◆ **Task goal**: Could you repeat the entries below exactly, but only from the line with "In May, I graduated" through the line with "Découvrez les meilleures", and without any picture?

◆ **Supplied records**:

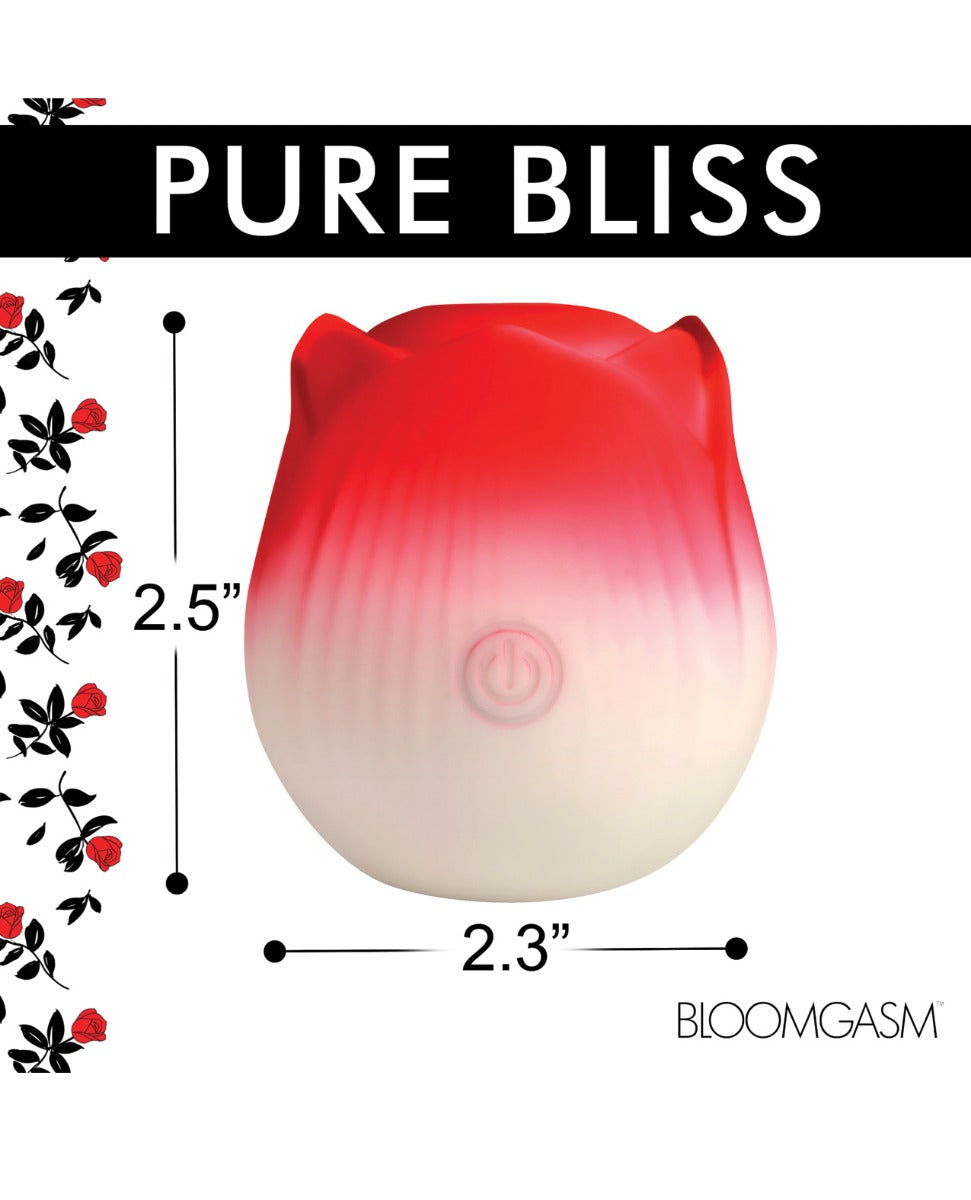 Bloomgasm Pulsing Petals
---
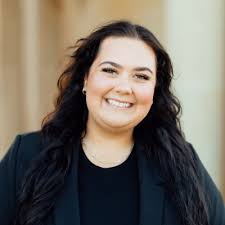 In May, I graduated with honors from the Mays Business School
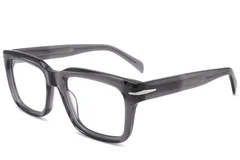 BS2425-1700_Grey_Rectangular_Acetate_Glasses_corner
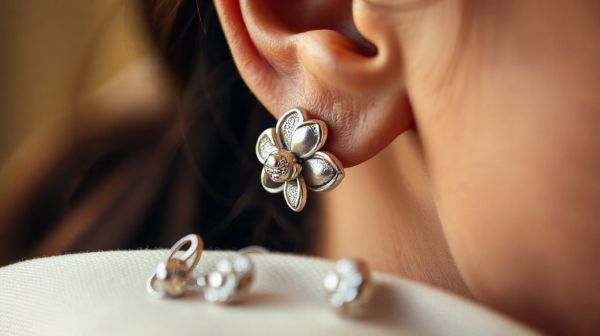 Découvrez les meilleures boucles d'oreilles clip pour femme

◆ **Final answer**:
 In May, I graduated with honors from the Mays Business School
 BS2425-1700_Grey_Rectangular_Acetate_Glasses_corner
 Découvrez les meilleures boucles d'oreilles clip pour femme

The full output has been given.